Canada Dreams
The Canadian Dream was for years the railroad that connected the country from sea to sea. As we reached the modern communication age the dream was replaced by the Cultural Mosaic. The dual founding European languages opened the way for us to accept all languages and cultures and eventually the original cultures. We are a nation that was created in deference to the state. Pierre Berton pointed this out in his book "Why We Act Like Canadians." In our history the RCMP went West first to set up forts, then the settlers were allowed to come West to the already established law and order. This was completely the opposite for the United States where the people were followed West by the law. For us Canadians it is not the individual but the common good that prevails. This is the sentiment that prompted Robertson Davies and Robert Kroetsch to describe Canada as a more Jungian nation than the United States. The social watch dog Ralph Nader describes Canada as the conscience of the United States.

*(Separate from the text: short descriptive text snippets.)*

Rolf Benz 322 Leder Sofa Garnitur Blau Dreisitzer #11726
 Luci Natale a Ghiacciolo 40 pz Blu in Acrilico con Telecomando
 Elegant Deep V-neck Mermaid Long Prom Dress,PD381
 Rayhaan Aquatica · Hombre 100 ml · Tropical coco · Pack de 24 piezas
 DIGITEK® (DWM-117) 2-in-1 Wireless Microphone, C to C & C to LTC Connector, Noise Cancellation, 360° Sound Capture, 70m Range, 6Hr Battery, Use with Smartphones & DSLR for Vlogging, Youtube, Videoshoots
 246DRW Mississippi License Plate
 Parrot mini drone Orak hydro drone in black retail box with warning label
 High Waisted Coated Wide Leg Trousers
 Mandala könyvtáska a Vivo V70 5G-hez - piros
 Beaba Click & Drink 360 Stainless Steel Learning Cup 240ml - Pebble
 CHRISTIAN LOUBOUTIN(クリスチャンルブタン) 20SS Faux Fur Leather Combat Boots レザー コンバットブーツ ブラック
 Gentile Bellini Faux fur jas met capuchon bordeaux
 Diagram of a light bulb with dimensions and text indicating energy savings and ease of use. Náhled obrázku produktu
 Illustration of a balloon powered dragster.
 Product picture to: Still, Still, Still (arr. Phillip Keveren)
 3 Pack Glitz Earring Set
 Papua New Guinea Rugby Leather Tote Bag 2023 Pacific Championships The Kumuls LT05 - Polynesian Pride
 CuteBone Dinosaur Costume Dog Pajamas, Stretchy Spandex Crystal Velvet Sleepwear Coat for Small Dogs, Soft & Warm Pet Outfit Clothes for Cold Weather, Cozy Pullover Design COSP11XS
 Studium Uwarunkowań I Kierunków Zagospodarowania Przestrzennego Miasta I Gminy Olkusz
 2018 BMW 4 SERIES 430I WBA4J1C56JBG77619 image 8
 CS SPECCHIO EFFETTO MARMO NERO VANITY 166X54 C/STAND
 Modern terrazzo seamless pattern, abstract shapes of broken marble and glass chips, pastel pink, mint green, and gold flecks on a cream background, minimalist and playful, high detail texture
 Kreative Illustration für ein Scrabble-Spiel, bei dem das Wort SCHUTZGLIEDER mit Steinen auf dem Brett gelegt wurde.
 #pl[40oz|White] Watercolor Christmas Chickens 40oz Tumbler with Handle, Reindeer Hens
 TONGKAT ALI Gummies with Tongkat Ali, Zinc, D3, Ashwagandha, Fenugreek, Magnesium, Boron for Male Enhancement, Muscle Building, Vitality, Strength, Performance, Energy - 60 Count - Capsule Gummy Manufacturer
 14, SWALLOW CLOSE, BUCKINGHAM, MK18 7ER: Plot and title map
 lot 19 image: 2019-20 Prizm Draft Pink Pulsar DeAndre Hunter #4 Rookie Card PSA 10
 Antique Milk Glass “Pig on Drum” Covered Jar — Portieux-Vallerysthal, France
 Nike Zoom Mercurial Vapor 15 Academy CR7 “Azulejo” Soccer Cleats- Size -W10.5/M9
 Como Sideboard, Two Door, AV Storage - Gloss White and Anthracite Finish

It often takes a trip outside Canada for a Canadian to really feel pride in the country. Americans look to Canada to learn how to find the heart to care for its sick (Medicare). Refugees look to Canada for sanctuary, the world looks to Canada for it peace keepers, and the world's city dwellers look to Canada for its pristine wilderness. I am not saying that Canadians are not patriotic, but we live in a culture where it is difficult to place our loyalties. We have the choice of being loyal to our cultural roots or our country. Our country is still loyal to the Queen or American TV culture. On top of that we feel uncomfortable boasting about our country because bragging is unseemly.
When artists make art they in most cases dive into their unconsciousness. They come to Canada. When I make this statement I think of the aforementioned metaphor, but I also think of the vast open tundra, forests, seas and lakes. When I make art or the colleagues I have questioned make art, we dive in to the unknown. This is much the same as the original settlers did and the new arrivals to the country do. Each new piece of canvas is a clean sheet like the Great White North. Kandinski viewed the colour white as being pregnant with possibilities. In this gallery you will see the works of Canadians and guests. You will see glimpses into the beauty and ruggedness of the Canadian landscape and the Canadian people. You will have a taste of Canada as its artists see it.